I found the derivative of the equation, and solved for $\displaystyle y'$, getting $\displaystyle (x^2+y^2)=\frac {25} {4}$, but i don't know where to go from here. I was given a couple hints, one of which being "Is the observation $\displaystyle x^2-y^2=(x^2+y^2)-2y^2$ helpful? And I don't think it is, but it's obvious where they got it--from $\displaystyle x^2+y^2=x^2+y^2$

2. Originally Posted by Chokfull
"Find the points on the lemniscate $\displaystyle (x^2+y^2)=25(x^2-y^2)$" Mr F says: Points that satisfy what condition?

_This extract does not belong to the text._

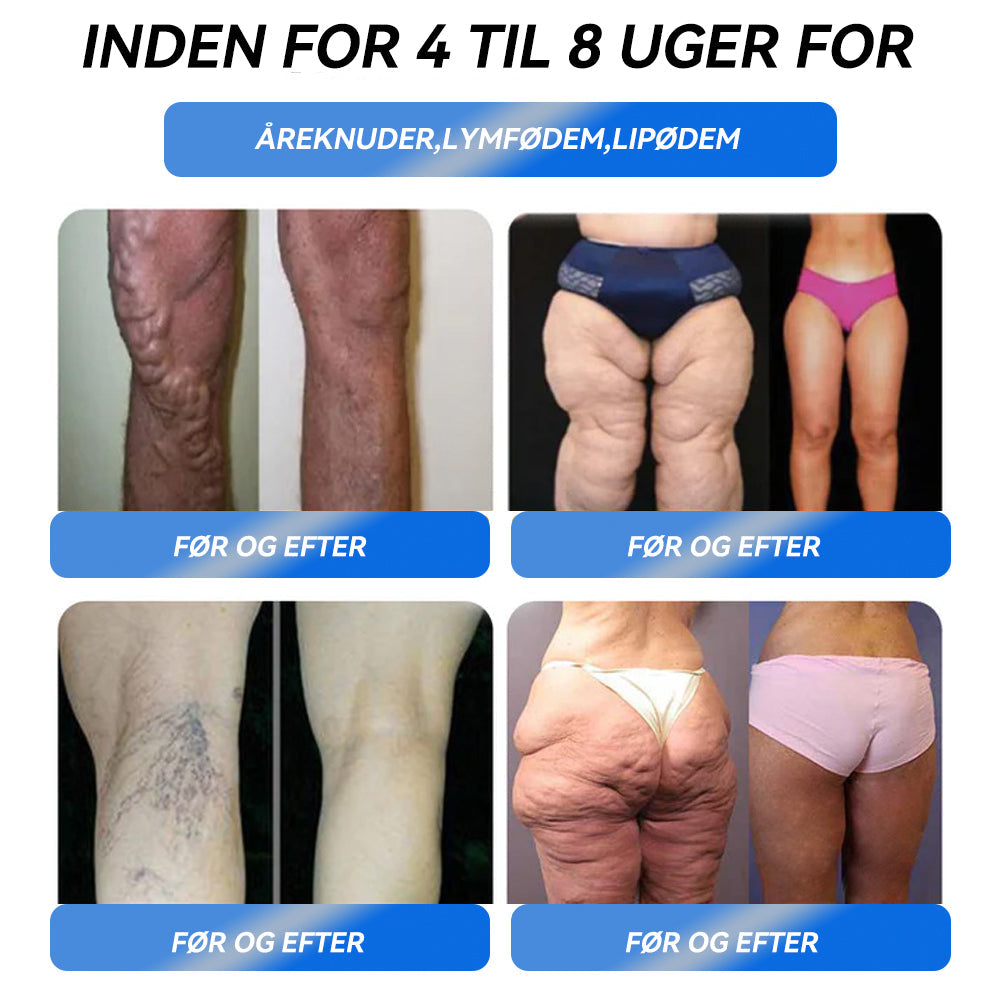 IFMAGIC® GLP-1 Pro Vægttab Oral Opløsning👩‍⚕️En dosis om dagen – synlige resultater inden for 7 dage🔥Velegnet til kroniske sygdomme, fedme, diabetes, hjerte-kar-sygdomme 🎖️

I found the derivative of the equation, and solved for $\displaystyle y'$, getting $\displaystyle (x^2+y^2)=\frac {25} {4}$, but i don't know where to go from here. I was given a couple hints, one of which being "Is the observation $\displaystyle x^2-y^2=(x^2+y^2)-2y^2$ helpful? And I don't think it is, but it's obvious where they got it--from $\displaystyle x^2+y^2=x^2+y^2$
$\displaystyle (x^2+y^2)=25(x^2-y^2)$ .... (1)

dy/dx = whatever .... (2)

Solve equations (1) and (2) simultaneously.

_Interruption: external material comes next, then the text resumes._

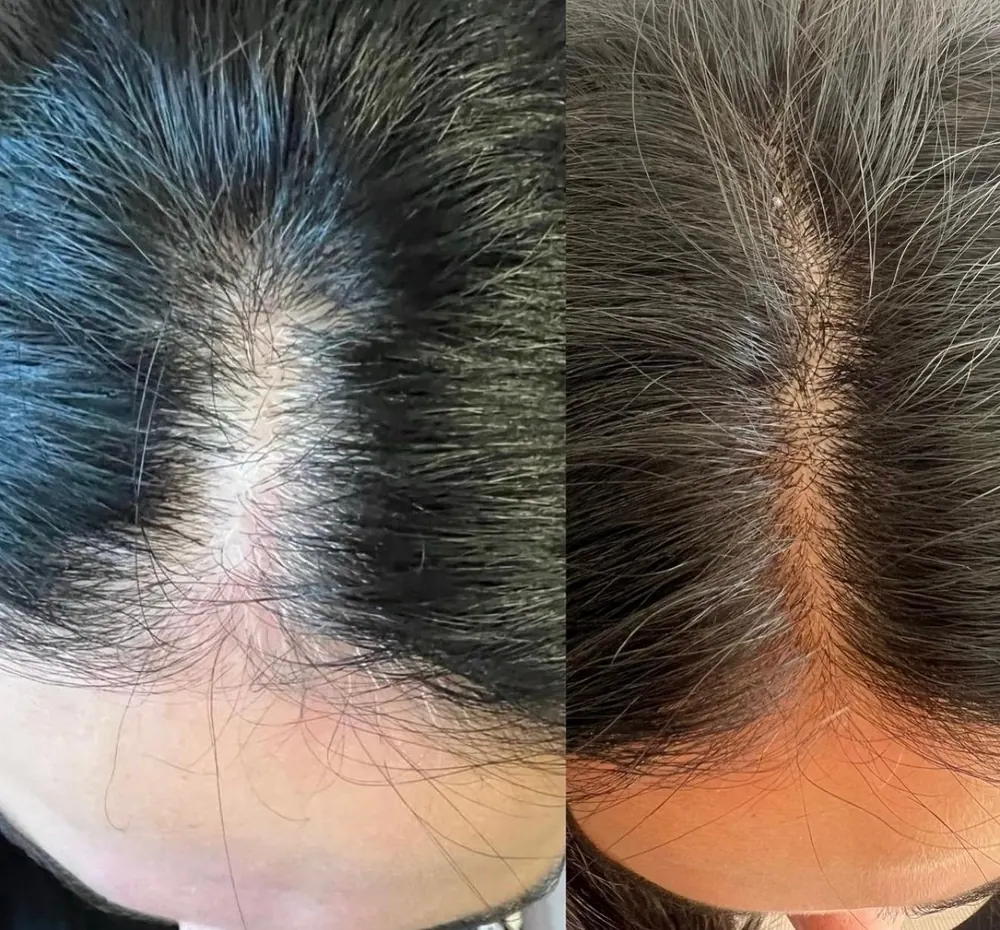 Autologous exosomes on the scalp, before and after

3. Right, sorry, i never finished my sentence :P
I meant the points at which the tangent line has a slope of 0

4. Hello Chokfull

I think you also missed out a power of 2. The equation should be
$\displaystyle (x^2+y^2)^2 = 25(x^2-y^2)$
So, when we differentiate:
$\displaystyle 2(x^2+y^2)\left(2x+2y\frac{dy}{dx}\right)=50x -50y\frac{dy}{dx}$
and putting $\displaystyle \frac{dy}{dx}=0$ gives:
$\displaystyle x^2+y^2 = \frac{25}{2}$ (I think - not $\displaystyle \frac{25}{4}$)
Now we put this back into the original equation, using the hint that $\displaystyle x^2-y^2 = (x^2+y^2)-2y^2$:
$\displaystyle \left(\frac{25}{2}\right)^2=25\left(\frac{25}{2}-2y^2\right)$
which you can now solve for $\displaystyle y$, and hence for $\displaystyle (x,y)$.

5. I see, thanks a lot! Now i didn't see before that you could replace the $\displaystyle x^2-y^2$ with $\displaystyle x^2+y^2$ and use that to get a contant in place of every x--thus allowing me to solve for y!